* TASK ITEM
Lines from the one with "Glacier Express am" up to and including the one with "Silver Ladies Ring" are to be copied exactly from the records below, without their pictures.

[Opening AVAILABLE RECORDS section]

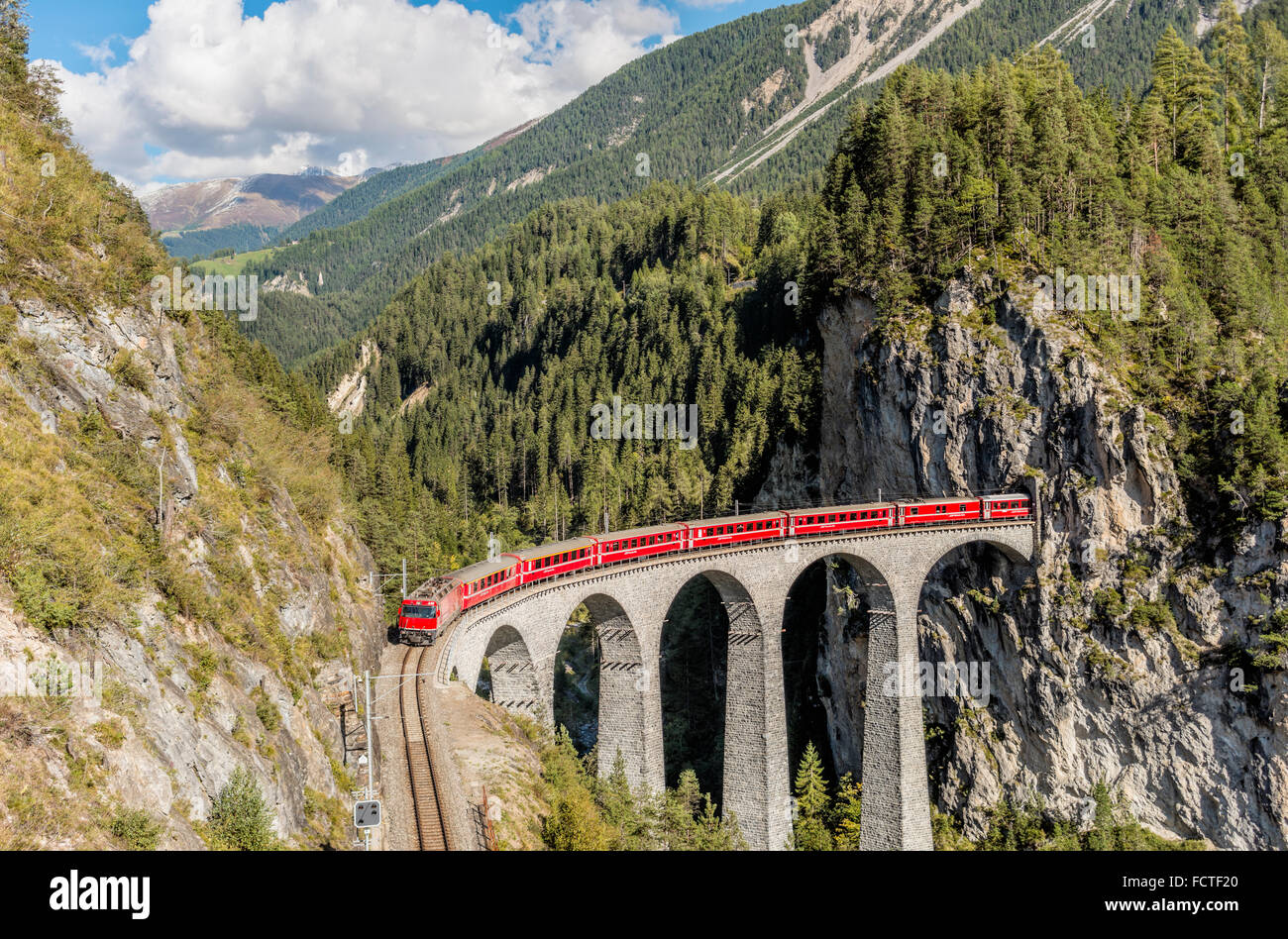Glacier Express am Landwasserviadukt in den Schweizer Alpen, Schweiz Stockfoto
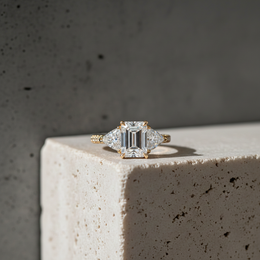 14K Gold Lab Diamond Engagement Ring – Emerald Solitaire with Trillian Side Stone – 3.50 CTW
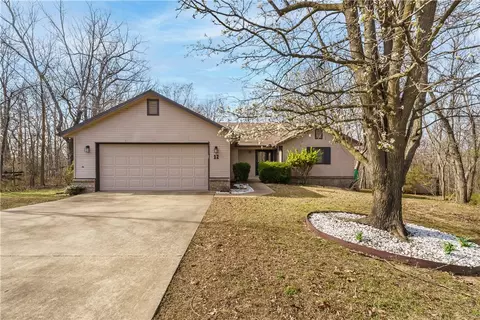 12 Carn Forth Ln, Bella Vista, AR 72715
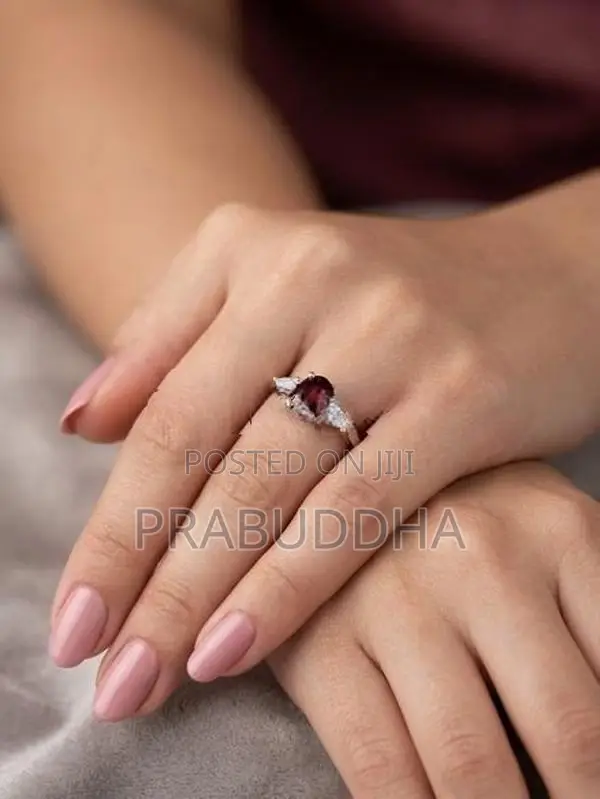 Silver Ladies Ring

[Closing AVAILABLE RECORDS section]
[Opening AVAILABLE RECORDS section]

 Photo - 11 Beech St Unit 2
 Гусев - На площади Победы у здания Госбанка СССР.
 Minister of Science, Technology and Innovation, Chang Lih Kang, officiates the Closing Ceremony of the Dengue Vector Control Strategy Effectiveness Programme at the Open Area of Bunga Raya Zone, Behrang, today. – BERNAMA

[Closing AVAILABLE RECORDS section]
[Opening AVAILABLE RECORDS section]

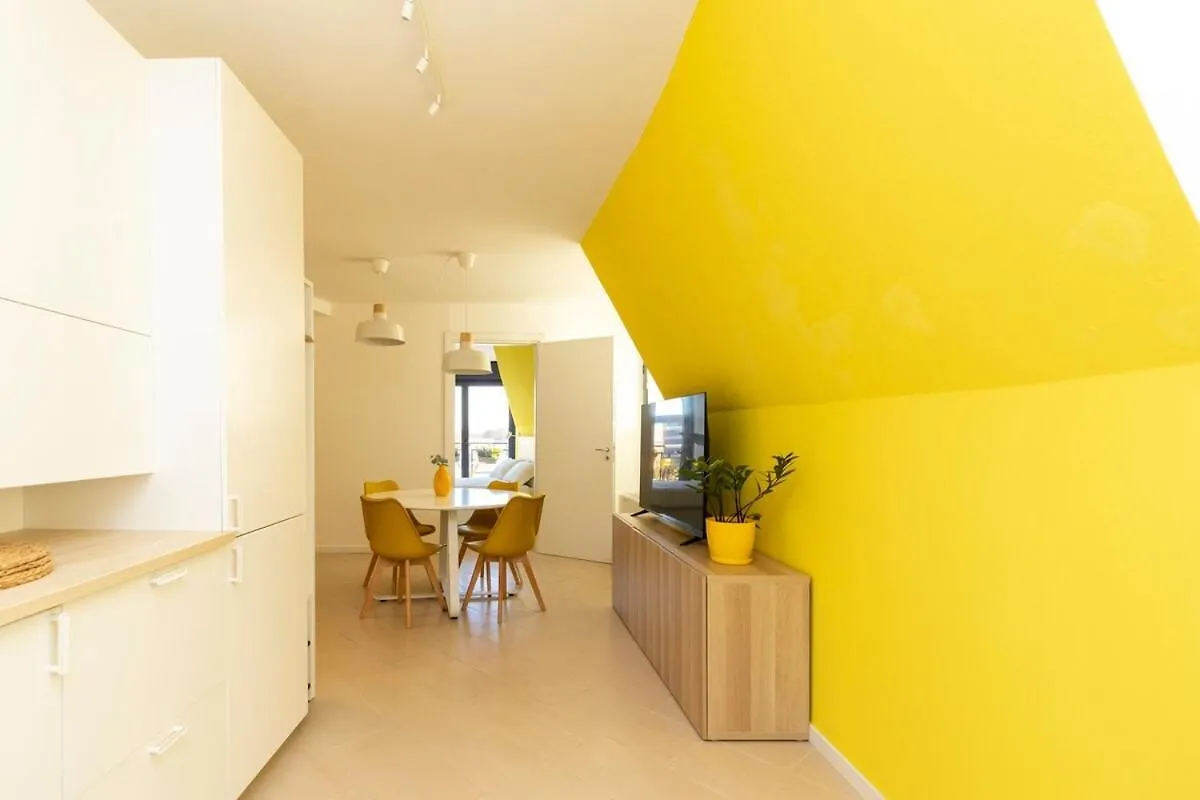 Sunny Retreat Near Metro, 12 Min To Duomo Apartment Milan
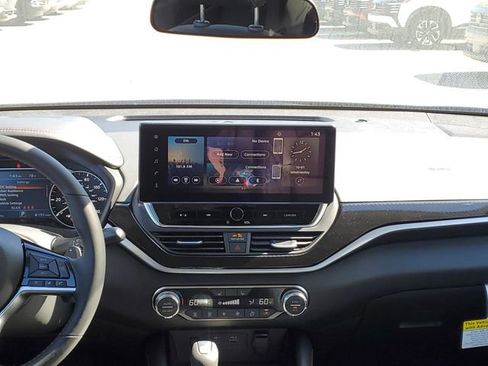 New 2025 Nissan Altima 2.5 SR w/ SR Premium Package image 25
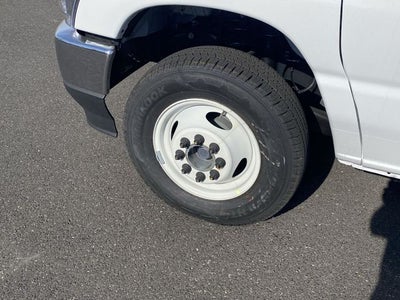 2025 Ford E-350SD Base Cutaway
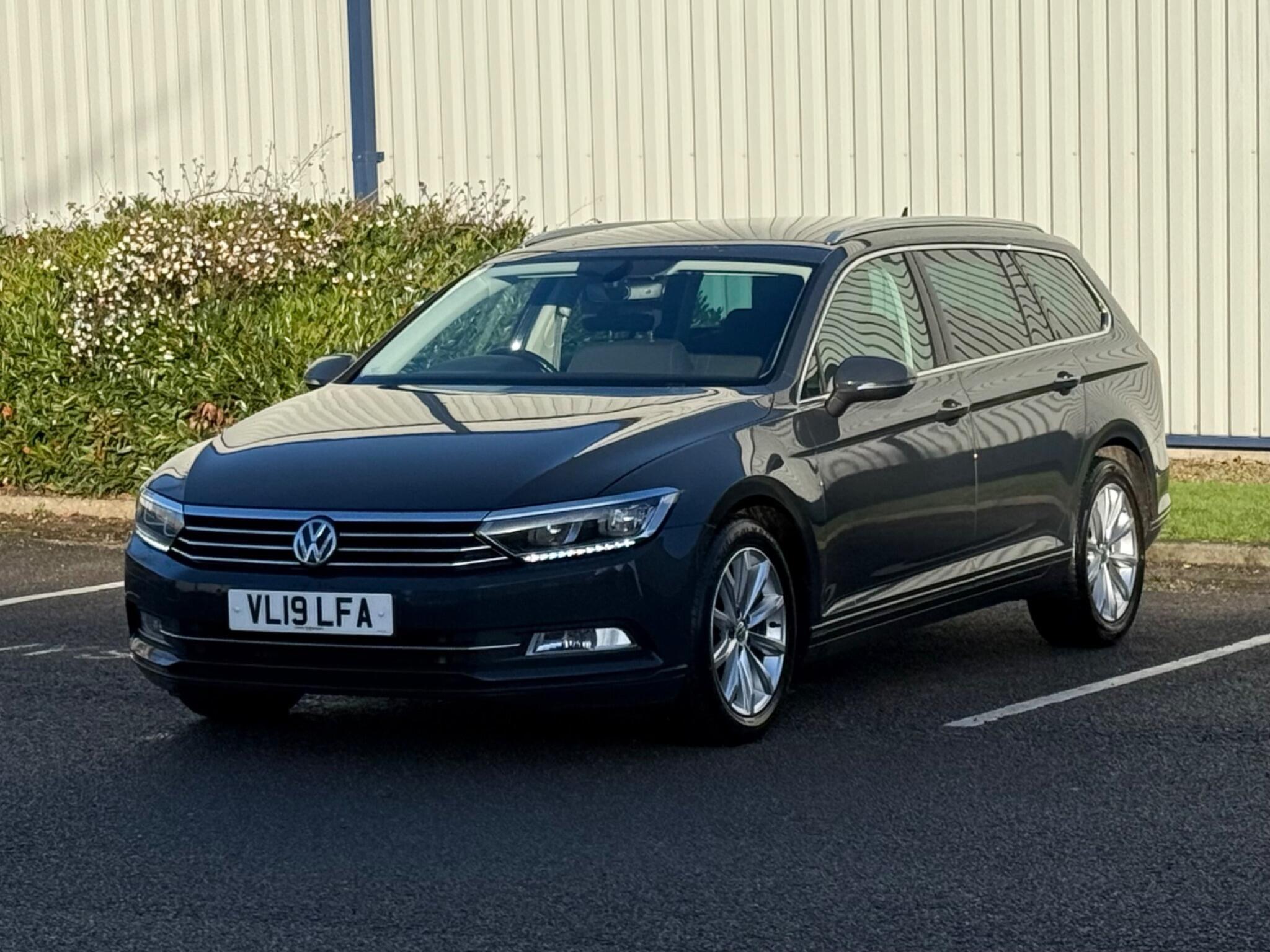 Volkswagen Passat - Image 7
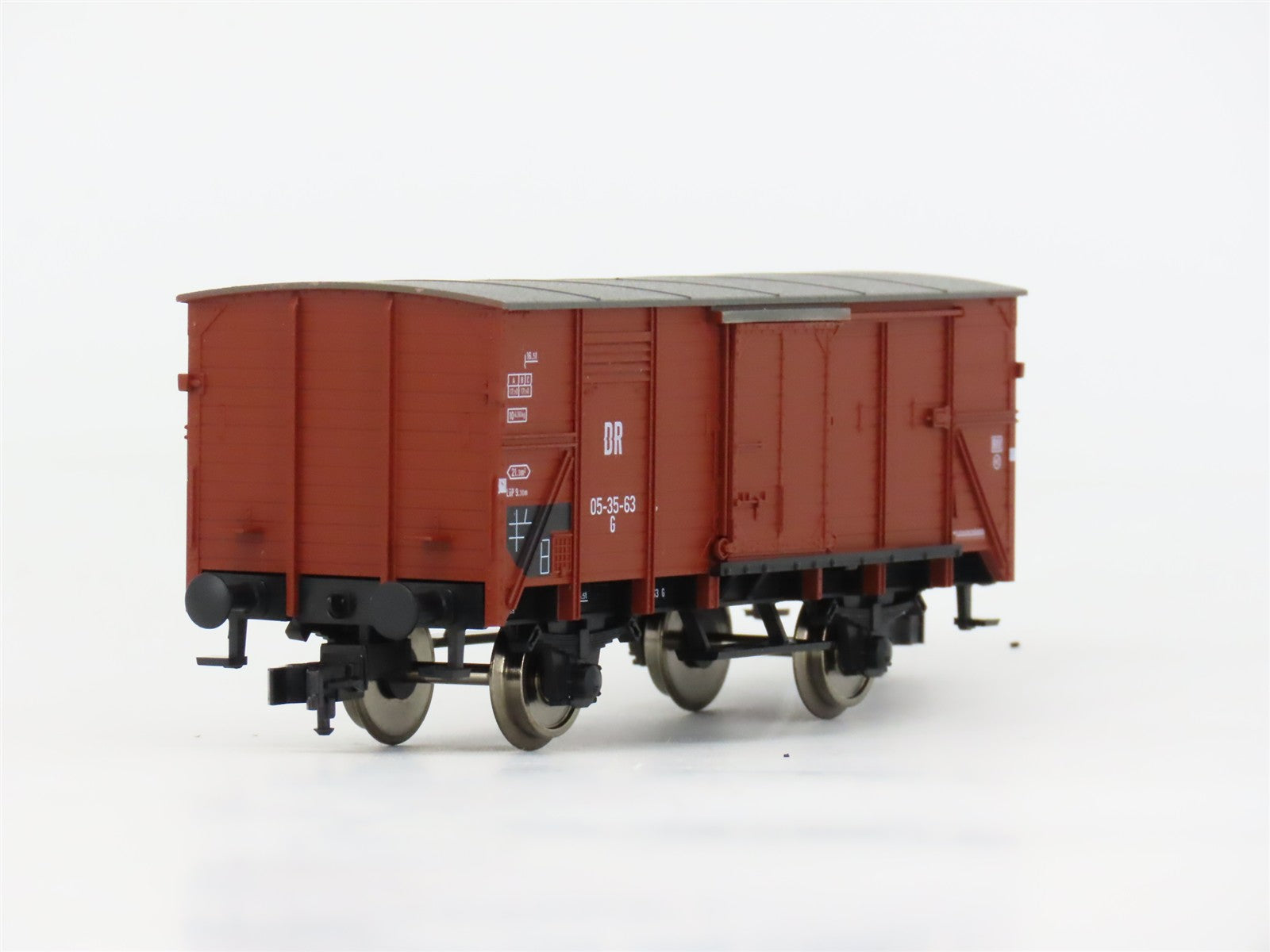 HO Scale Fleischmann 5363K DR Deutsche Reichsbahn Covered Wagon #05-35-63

[Closing AVAILABLE RECORDS section]

* RESPONSE
Glacier Express am Landwasserviadukt in den Schweizer Alpen, Schweiz Stockfoto
 14K Gold Lab Diamond Engagement Ring – Emerald Solitaire with Trillian Side Stone – 3.50 CTW
 12 Carn Forth Ln, Bella Vista, AR 72715
 Silver Ladies Ring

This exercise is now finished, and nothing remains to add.